If Faizabad rioters can be freed, why are Christian protesters still in jail?
In the three-week-long protest last month by an Islamic group in Islamabad, a lot of public and private properties were damaged, but the Punjab government freed all the rioters.
However, the same government has not yet released dozens of Youhanabad’s Christians who were arrested in March 2015 for protesting over suicide attacks on two churches in Lahore that had killed 15 worshippers and injured scores of others.
If non-Muslim communities have equal rights in Pakistan, why is the government not letting the innocent Christians out of jail? This scathing question was put forward by Susan Thomas, a Christian activist and a member of Karachi’s city council, at a meeting held on Tuesday.
The Catholic Commission for Justice and Peace, an organsiation working for the rights of non-Muslims, organised a provincial consultation with representatives of political parties, civil society organisations and religious leaders to discuss pro-minorities’ policies and legislation.
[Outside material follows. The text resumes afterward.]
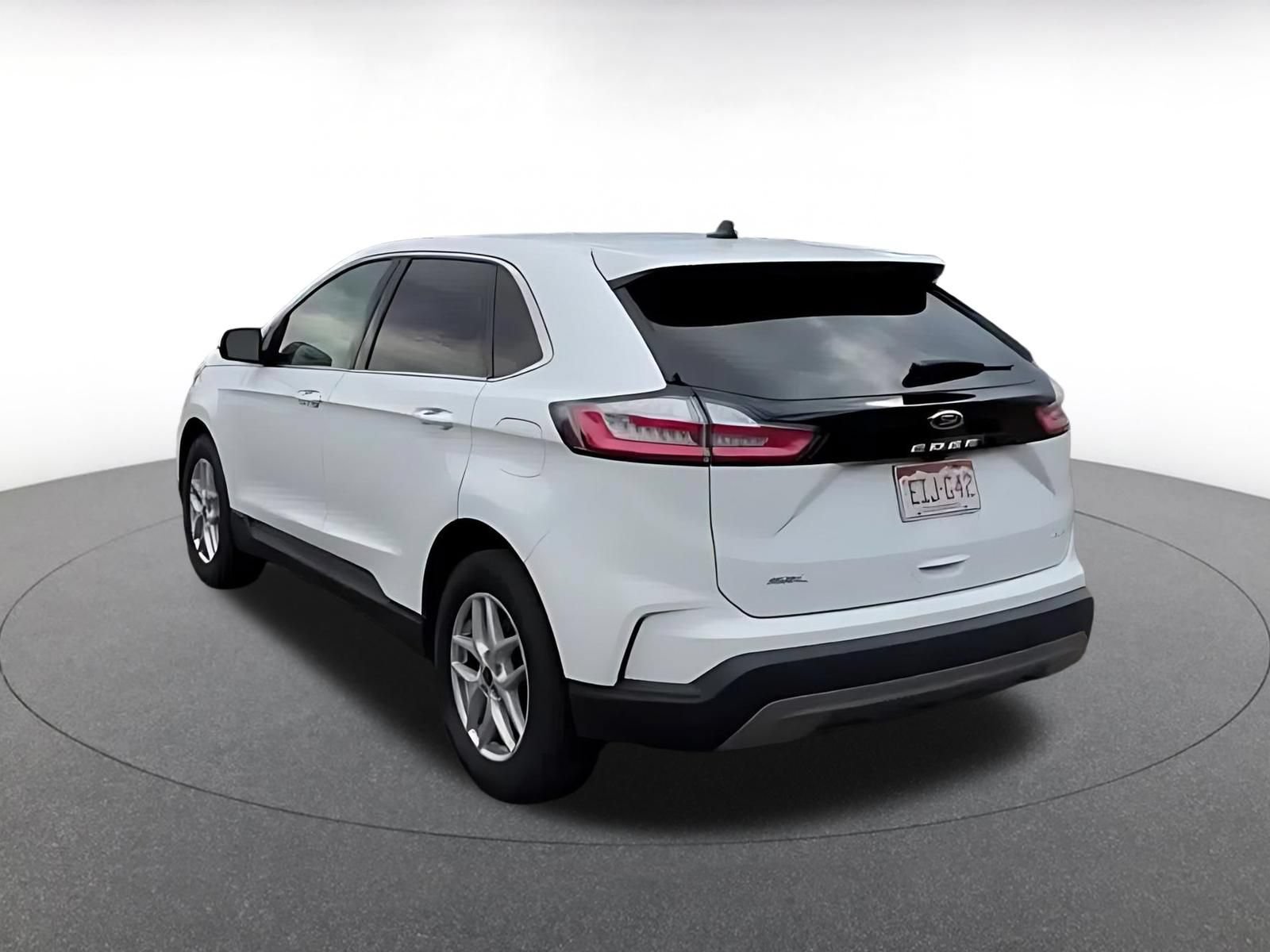 Used 2024 Ford Edge SEL AWD/4WD image 10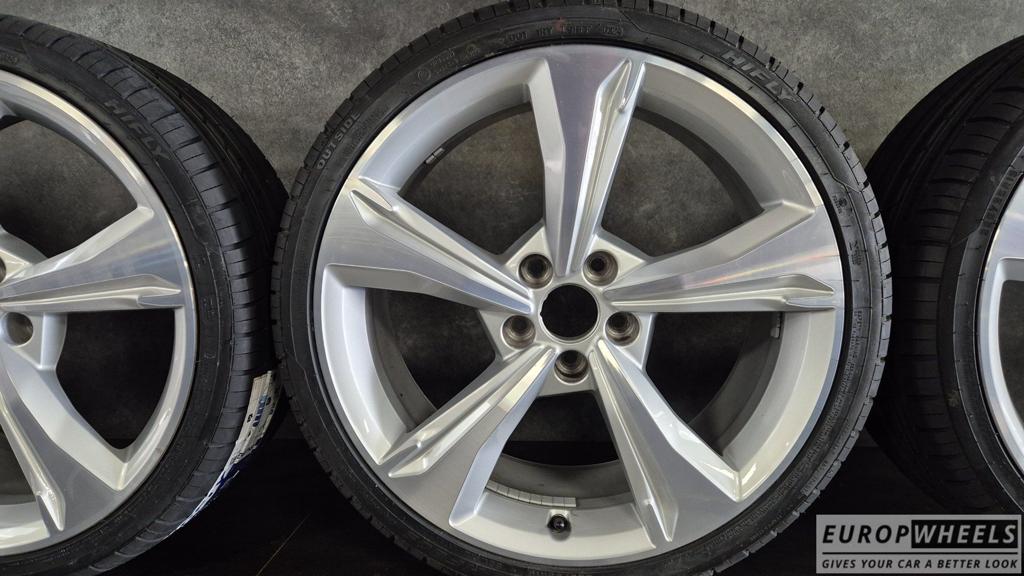 Originele Audi 19 inch velgen A3 Golf 7 8 Leon, Auto-onderdelen, Banden en Velgen, 19 inch, Gebruikt, -, -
Thomas, who is a leader of the Muttahida Qaumi Movement-Pakistan (MQM-P), also showed her concerns over the delay in the results of the national census of non-Muslim communities. “We want to know our population and their ratio in Pakistan because it will help us in getting our rights and funds.”
Pitanbar Sewani, a former-member of the Sindh Assembly, said considerable legislation had been done by the assembly, but it was never implemented properly. Discussing the bill passed in the Sindh Assembly last year criminalising forced religious conversions and subsequent forced marriages but returned for amendments after pressure came from religious parties, he said the bill would be tabled in the assembly’s next session.
“The bill was passed in the assembly within five minutes when all political parties, including the MQM-P, voted in favour of it. But later the MQM-P members raised some objections to it.” Sewani said that if the bill against forced conversions did not pass, the Hindus and other non-Muslim communities would boycott the upcoming polls.
Demanding the revival of the separate electorate system for the non-Muslim communities in the country, the former MPA said wealthy non-Muslim individuals bought tickets form political parties to become parliamentarians on reserved seats.
However, Kalpana Devi, a Hindu community leader, supported the joint electorate system and said it had renewed confidence in the minority communities, which felt that their return to the mainstream of the national political life would lend them a lever to influence matters of state. “From Shadakot and Jacobabad, a movement for the restoration of joint electorate was started and its restoration has helped the non-Muslim communities in mainstreaming themselves,” she opined.
Other speakers, including Kailash Sarhadi, Saleem Michael and Zahid Farooq, underlined the need for ensuring the rights of minorities through legislation and said non-Muslim communities suffered because of a lack of family laws. Other issues regarding minorities’ rights, especially hate content in the syllabuses, also came under discussion.